EX1A-6 MAT CTRCT 6 nxgen_ex0301.htm PROMISSORY NOTE, $249,903.14 PRINCIPAL AMOUNT, IN FAVOR OF AMERICAN METABOLIX, INC.

Exhibit 3.1

 

Original Principal Amount: $249,903.14 Issue Date: March 28, 2023

 

PROMISSORY NOTE

 

NXGEN BRANDS INC., a Nevada corporation, its successors, nominees and/or assigns, (hereinafter collectively or individually, as the situation may dictate, referred to as the “Maker”), and AMERICAN METABOLIX, INC., a Colorado corporation (the “Lender”), or its successors, nominees or assigns (collectively, the “Payee”), enter into this Promissory Note.

 

FOR VALUE RECEIVED, Maker hereby promises to pay to the order of Lender or its successors, nominees or assigns (collectively, the “Payee”), the sum of Two Hundred Forty-Nine Thousand Nine Hundred three and 14/100 Dollars ($249,903.14) (the “Principal”), with interest thereon, on the terms and conditions set forth herein.

 

Payments of Principal, Interest (as defined below), and any other amounts with respect to this term note (this “Note”) are to be made in lawful money of United States.

 

1.Term Principal and Interest shall become due and owing on the Due Date (as defined below).

 

2.Payments

 

a.Interest. This Note shall bear interest (“Interest”) on Principal amounts outstanding from time to time from the date hereof at the rate of 10% (Ten percent) per annum; provided, however, that during the continuance of any Event of Default under this Note (as set forth in Section 6), the interest rate hereunder shall be the maximum amount allowed under the law of the governing jurisdiction. The Interest shall accrue and be paid on the Due Date.

 

b.Principal. The Maker shall pay the entire principal amount of indebtedness evidenced by this Note, together with any other amount due and payable by the Maker to the Lender, including interest payments, on March 31, 2024 (the “Due Date”).

 

3.Optional Prepayment of Principal. All or any portion of the unpaid Principal balance of this Note, may at the Maker’s option be prepaid in whole or in part, at any time or from time to time before the Due Date, without premium or penalty.

 

4.Lenders Obligations: The lender agrees that it has advanced the funds for the sole benefit of the Maker, and that this note is binding on the Maker.
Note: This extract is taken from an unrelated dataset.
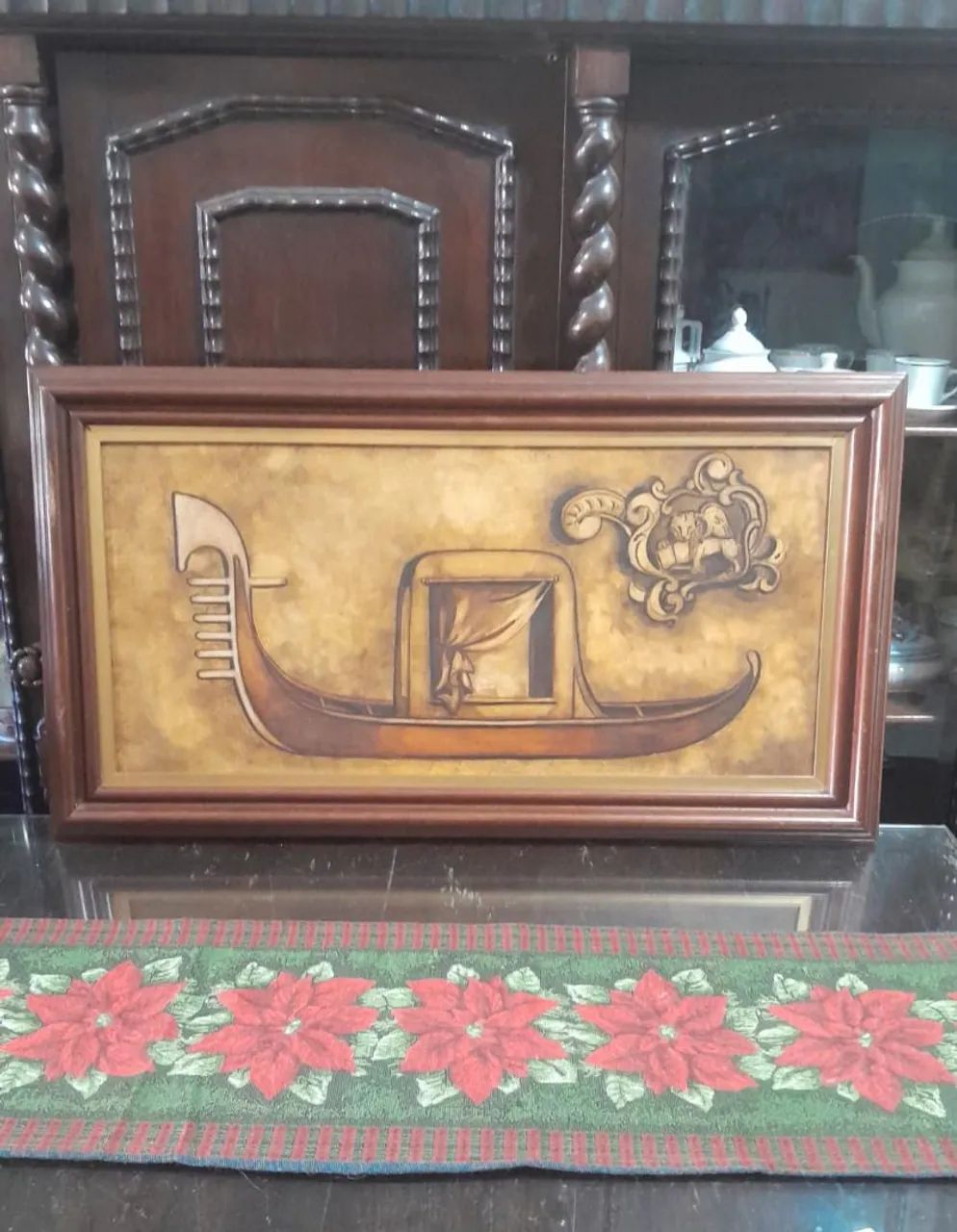 Antigo par de quadros pintura em eucatex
Notwithstanding the foregoing, should it be determined that any of the payments set forth on Schedule 1 were not made on behalf of the Maker or have otherwise been repaid or reimbursed, the principal amount of this Note shall be reduced thereby and the interest shall be reduced in a proportional amount

 

5.Assignment. This Note shall be binding upon and shall inure to the benefit of the respective successors and permitted assigns of the parties hereto, provided that the Maker may not assign any of its rights or obligations hereunder without the prior written consent of the Lender. The Lender may assign the note with the prior written consent of the Maker, who’s consent shall not be unreasonably be withheld.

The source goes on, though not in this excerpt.